As Hankin, then a high school student, recalls: “The firm had a day where they brought in a lot of shapes that represented certain landscaping features, and they had the committee break up into teams, and each team was designing a courtyard.” The shapes, Hankin explains, were “little two-dimensional cutouts.”
The school wound up with not one but three semi-enclosed courtyard areas. At the rear of the lobby, a two-story-high glass wall—decorated with tree sculptures—looks out onto the main courtyard, formed by the building’s pair of two-story classroom wings and planted with young shade trees. A couple of gently sloped amphitheaters, good for outdoor classes and performances, are incorporated into the landscape. There are also two smaller courtyards that have yet to be planted or programmed.

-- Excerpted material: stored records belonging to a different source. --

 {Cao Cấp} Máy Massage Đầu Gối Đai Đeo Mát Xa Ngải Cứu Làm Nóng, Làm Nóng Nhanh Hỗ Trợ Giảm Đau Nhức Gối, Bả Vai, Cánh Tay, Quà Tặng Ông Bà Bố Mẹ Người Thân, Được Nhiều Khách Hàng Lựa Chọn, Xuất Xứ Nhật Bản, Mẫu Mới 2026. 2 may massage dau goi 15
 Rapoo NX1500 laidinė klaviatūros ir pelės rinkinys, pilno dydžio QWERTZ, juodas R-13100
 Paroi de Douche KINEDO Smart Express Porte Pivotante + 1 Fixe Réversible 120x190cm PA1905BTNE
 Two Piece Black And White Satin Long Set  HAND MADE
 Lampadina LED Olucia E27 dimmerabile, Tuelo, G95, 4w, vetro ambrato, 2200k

Mostly, the new Sandy Hook School is distinguished by an abundance of thoughtful touches, features that a child might appreciate. In the corridors, colorful rectangles of linoleum mark the entrance to each classroom, like welcome mats. In the lobby, there’s a sculpture on the ceiling composed of slowly moving metal “leaves.” And best of all, there are “treehouses.” At the end of each of the second-floor corridors is a snug room with a curvy bench where kids can work on projects in small groups or just look out the windows into the surrounding woods. From the outside these rooms appear to be sheds, separate from the main building, supported by the branches of steel trees.
In the effort to make the school come in on budget, it was suggested that the treehouses be value-engineered out. “There was quite a bit of community discussion about that,” Llorda recalls. “Everybody in the community said, ‘No no no no.’ That it’s important to make sure we have those treehouses because those really were part of how the community saw the role of this school, being part of nature and the woods.”

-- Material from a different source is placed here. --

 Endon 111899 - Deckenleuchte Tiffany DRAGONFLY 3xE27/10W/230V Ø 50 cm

And, of course, there are ducks. Whether the mama duck of legend returns to lay her eggs remains to be seen, but ducks in flight are depicted on bas relief panels made by Svigals himself that line the non-windowed walls of the lobby. More ducks in flight are depicted in a mural by a local painter, Robert Reynolds, which adorns the school’s main office. And one of the building’s three weather vanes is topped with a duck trailed by three ducklings.
A Fresh Start
The circumstances in which the Svigals team worked were uncommonly fraught. As Llodra puts it, “This was a project that was born of a tragedy, so every time you brought people together to talk about it you couldn’t help but understand that you had one foot in this horrible thing that happened to us.” The building itself, however, exudes nothing but good cheer. Although the town is planning a memorial to those who died in the shooting, it won’t be in the school or on its grounds.“Those youngsters and those teachers and those parents who interact with that building need to be in a place that’s full of love and joy and happiness and that is forward-looking,” Llodra says.

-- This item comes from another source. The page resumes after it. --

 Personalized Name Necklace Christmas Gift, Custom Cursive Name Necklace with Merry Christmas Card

I can recall only one other situation as emotionally charged, in which a large number of community members were invited to engage in a restorative rebuilding process. I can’t honestly say that the sentiments of New Yorkers are as well represented by the rebuilt World Trade Center as those of Newtowners are represented by the new Sandy Hook Elementary School. What the Svigals team produced is a deft amalgam of its practiced approach to school design and its long-term investment in community engagement. The end result is a fascinating study in what happens when an architecture firm eschews ego or, more accurately, when a firm invests its ego not in the formal attributes of its buildings but in the quality of its collaboration with the people who will use them. Or as Anzellotti puts it, “It’s almost like we worked for them. That’s how they made us feel. It was really comfortable.”